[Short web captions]
********************

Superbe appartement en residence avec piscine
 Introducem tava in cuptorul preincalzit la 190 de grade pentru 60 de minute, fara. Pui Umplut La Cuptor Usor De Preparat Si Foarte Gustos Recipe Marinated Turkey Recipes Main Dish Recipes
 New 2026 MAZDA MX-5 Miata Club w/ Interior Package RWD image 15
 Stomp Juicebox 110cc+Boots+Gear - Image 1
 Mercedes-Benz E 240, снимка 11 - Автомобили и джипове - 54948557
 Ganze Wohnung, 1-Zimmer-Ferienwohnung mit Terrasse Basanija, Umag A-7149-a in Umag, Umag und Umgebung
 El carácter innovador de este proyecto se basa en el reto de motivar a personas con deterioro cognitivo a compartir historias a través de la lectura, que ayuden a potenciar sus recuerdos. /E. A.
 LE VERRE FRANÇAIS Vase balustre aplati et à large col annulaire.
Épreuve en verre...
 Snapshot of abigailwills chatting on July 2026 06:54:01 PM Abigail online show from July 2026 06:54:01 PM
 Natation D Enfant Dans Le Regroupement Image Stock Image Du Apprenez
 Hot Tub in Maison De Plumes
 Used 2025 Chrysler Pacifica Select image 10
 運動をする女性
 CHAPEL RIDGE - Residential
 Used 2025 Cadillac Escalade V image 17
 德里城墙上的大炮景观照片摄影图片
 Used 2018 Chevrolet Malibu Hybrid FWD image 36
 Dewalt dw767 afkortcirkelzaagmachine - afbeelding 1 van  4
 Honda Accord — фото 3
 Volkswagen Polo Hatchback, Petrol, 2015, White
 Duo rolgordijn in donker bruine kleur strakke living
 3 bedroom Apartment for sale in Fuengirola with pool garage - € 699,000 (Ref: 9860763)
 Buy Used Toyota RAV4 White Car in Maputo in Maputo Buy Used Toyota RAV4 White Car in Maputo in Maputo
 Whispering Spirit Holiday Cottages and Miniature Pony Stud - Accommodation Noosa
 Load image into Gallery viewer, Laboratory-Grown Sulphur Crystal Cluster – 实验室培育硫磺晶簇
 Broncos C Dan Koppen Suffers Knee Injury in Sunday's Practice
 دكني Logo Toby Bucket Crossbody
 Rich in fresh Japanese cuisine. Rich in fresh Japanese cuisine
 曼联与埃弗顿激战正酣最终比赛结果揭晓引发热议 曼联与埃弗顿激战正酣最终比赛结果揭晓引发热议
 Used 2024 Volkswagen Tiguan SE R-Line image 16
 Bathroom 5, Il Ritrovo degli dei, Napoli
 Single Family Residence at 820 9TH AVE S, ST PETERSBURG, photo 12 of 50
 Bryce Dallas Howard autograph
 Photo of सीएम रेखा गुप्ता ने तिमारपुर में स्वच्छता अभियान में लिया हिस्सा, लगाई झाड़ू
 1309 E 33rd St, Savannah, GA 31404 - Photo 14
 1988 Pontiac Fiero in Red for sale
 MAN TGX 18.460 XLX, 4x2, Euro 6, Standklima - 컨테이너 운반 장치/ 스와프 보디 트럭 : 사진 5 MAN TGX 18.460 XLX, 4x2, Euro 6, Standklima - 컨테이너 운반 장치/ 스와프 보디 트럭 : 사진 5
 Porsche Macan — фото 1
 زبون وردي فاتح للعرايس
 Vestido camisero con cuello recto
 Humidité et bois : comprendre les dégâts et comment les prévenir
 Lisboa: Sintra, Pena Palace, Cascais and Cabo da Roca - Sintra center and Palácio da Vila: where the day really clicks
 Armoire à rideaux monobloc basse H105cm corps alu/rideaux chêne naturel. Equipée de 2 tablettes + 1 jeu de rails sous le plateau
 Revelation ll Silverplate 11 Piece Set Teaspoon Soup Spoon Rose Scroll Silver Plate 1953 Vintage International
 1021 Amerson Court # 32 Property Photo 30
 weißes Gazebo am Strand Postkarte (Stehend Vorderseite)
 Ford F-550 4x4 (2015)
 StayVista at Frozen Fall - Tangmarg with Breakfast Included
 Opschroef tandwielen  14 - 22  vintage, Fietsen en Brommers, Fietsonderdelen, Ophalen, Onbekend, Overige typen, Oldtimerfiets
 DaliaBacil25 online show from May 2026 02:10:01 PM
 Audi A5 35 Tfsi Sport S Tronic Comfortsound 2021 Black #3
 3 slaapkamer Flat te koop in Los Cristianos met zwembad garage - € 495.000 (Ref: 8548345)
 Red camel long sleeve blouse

********************

What is wanted is every line from the first line of the entries through the line that contains "Ganze Wohnung, 1-Zimmer-Ferienwohnung", given again exactly.

Superbe appartement en residence avec piscine
 Introducem tava in cuptorul preincalzit la 190 de grade pentru 60 de minute, fara. Pui Umplut La Cuptor Usor De Preparat Si Foarte Gustos Recipe Marinated Turkey Recipes Main Dish Recipes
 New 2026 MAZDA MX-5 Miata Club w/ Interior Package RWD image 15
 Stomp Juicebox 110cc+Boots+Gear - Image 1
 Mercedes-Benz E 240, снимка 11 - Автомобили и джипове - 54948557
 Ganze Wohnung, 1-Zimmer-Ferienwohnung mit Terrasse Basanija, Umag A-7149-a in Umag, Umag und Umgebung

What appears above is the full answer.